*** Dataset extract ***

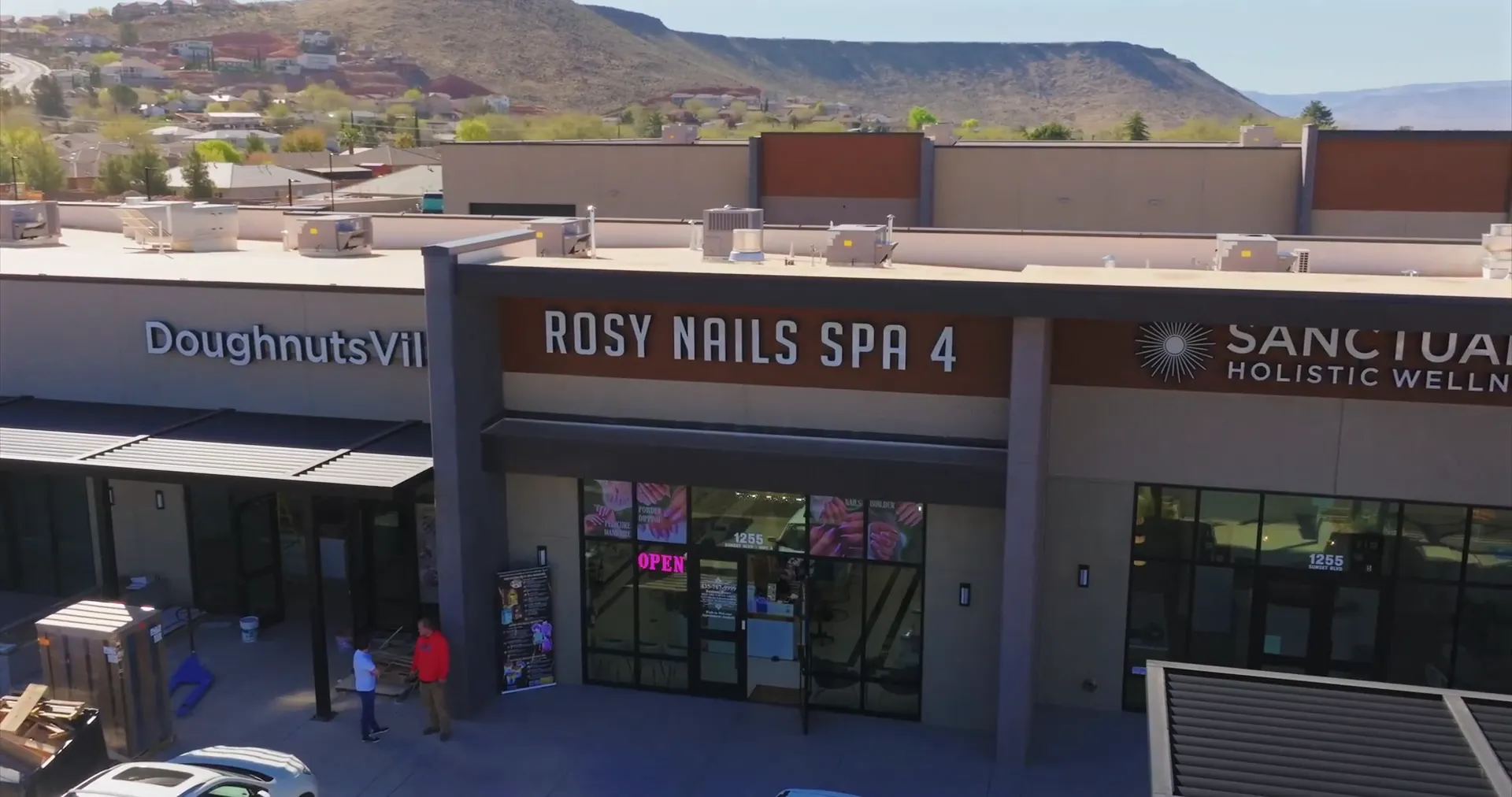 Rosie Nail Spa 4 interior and services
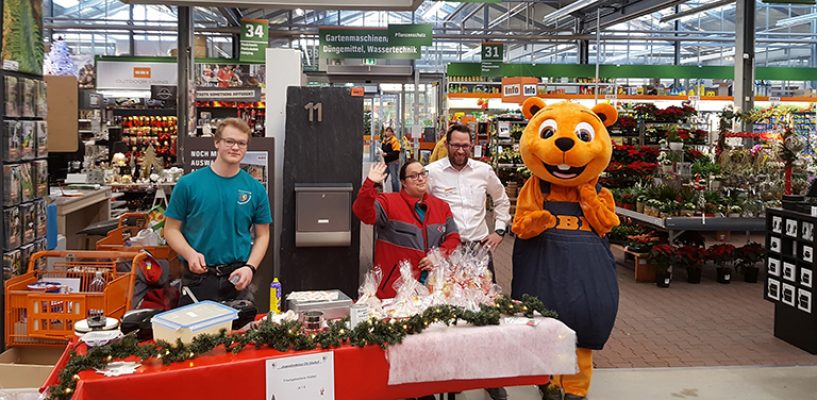 JRK - Waffelverkauf im OPBI Herzogenrath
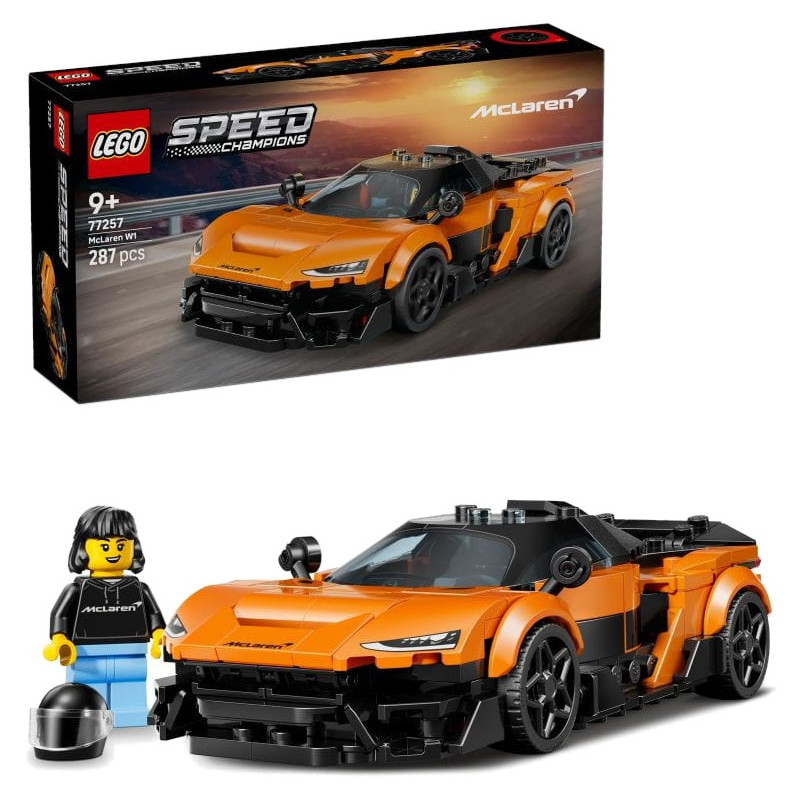 77257  Klocki Lego Speed Champions McLaren W1 287 elementów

*** End of Dataset extract ***

*Exercise instructions*.
Would you please set down the data above again exactly, without its pictures?

*Exercise output*.
 Rosie Nail Spa 4 interior and services
 JRK - Waffelverkauf im OPBI Herzogenrath
 77257  Klocki Lego Speed Champions McLaren W1 287 elementów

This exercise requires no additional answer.